**Work order:**
After reading the data below, copy out every line that contains the word "Flat".

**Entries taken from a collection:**

● ● ● ● ● ● ●

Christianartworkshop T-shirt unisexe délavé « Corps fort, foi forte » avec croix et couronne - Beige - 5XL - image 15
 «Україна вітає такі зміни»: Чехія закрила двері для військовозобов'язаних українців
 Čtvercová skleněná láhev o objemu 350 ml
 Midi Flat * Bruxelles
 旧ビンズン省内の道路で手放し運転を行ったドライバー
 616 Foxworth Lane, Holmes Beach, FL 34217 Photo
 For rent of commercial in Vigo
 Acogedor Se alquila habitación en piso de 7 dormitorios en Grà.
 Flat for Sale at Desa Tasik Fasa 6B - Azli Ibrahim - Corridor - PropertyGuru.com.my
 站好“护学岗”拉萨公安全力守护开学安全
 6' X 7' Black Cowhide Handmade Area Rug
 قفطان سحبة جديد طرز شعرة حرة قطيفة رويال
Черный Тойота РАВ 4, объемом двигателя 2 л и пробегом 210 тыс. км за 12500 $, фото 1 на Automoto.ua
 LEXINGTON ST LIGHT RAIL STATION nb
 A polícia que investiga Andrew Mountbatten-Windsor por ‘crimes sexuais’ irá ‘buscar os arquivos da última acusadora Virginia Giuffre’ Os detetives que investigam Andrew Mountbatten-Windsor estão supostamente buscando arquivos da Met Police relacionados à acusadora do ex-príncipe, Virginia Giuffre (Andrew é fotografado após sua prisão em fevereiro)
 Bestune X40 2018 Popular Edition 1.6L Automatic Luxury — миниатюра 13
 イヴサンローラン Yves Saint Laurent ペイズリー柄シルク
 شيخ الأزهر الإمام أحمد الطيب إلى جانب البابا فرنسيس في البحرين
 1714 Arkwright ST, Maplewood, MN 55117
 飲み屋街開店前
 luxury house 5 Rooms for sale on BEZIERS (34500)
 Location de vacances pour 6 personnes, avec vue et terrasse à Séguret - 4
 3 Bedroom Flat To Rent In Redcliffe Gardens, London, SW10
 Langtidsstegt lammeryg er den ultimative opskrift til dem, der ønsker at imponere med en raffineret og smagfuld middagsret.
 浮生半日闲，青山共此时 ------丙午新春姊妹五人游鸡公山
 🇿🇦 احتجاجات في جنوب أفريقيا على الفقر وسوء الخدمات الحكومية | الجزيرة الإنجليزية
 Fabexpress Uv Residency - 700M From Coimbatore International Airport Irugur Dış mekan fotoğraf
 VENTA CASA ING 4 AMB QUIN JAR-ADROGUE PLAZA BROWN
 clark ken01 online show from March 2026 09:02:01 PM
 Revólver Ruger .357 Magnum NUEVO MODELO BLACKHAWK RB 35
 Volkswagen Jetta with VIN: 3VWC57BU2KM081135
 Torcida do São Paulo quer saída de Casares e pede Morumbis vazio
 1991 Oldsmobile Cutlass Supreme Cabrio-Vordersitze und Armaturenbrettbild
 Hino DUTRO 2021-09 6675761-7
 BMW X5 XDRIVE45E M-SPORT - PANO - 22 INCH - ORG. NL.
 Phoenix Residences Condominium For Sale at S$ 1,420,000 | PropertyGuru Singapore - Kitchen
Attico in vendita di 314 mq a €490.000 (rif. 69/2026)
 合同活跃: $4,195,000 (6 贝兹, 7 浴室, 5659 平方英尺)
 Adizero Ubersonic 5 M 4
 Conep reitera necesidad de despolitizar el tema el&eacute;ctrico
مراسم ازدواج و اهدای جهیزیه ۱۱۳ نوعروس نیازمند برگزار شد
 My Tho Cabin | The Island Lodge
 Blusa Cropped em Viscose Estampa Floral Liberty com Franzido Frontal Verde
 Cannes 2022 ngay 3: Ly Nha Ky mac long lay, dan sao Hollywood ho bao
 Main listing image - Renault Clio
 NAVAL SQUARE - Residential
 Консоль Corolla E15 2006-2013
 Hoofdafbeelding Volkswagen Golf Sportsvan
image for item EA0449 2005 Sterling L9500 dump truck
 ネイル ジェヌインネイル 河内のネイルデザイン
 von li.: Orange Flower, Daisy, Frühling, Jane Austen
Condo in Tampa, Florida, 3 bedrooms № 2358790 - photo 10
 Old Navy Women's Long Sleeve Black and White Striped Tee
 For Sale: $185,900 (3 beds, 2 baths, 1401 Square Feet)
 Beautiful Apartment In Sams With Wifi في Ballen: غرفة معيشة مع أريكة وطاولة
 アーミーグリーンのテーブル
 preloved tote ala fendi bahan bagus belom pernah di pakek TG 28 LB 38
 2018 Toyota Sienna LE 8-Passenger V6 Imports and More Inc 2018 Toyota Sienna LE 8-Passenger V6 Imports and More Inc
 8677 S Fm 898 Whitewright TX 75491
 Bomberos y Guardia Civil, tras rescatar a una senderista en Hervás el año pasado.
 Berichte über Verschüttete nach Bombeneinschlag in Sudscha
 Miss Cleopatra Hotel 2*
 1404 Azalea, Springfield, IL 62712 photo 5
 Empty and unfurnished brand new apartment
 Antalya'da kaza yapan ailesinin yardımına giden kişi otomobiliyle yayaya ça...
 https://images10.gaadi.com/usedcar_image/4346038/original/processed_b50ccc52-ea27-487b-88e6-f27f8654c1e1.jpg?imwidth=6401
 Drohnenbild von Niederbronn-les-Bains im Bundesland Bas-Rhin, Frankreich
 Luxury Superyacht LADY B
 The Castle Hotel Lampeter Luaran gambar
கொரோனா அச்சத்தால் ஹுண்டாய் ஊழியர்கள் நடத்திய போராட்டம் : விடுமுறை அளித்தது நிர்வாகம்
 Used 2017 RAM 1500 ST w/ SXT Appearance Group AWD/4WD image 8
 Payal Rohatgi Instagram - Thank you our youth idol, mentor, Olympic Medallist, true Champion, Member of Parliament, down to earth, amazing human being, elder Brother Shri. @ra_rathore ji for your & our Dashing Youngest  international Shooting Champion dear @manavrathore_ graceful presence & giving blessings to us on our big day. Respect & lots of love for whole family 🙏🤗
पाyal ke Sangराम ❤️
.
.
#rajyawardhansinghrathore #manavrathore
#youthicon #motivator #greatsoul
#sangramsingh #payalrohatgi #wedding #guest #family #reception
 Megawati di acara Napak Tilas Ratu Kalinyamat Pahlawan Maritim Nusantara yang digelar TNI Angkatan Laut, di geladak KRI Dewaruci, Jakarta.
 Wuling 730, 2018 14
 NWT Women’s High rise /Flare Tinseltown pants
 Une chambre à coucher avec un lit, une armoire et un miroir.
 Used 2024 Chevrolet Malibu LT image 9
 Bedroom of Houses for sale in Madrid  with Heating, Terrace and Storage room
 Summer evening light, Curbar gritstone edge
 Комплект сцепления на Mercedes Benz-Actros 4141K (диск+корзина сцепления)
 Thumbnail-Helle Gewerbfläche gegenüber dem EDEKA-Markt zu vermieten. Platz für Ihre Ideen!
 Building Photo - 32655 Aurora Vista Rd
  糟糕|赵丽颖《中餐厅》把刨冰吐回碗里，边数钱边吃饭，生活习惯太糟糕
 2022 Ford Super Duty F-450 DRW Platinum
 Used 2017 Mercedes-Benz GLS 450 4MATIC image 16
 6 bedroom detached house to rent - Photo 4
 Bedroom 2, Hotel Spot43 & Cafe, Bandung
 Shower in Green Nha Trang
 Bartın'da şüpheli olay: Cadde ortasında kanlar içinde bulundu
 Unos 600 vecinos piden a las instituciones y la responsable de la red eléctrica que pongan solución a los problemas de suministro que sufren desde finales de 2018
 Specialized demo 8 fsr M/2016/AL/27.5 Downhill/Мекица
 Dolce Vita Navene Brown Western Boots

● ● ● ● ● ● ●

**Problem solution:**
 Midi Flat * Bruxelles
 Flat for Sale at Desa Tasik Fasa 6B - Azli Ibrahim - Corridor - PropertyGuru.com.my
 3 Bedroom Flat To Rent In Redcliffe Gardens, London, SW10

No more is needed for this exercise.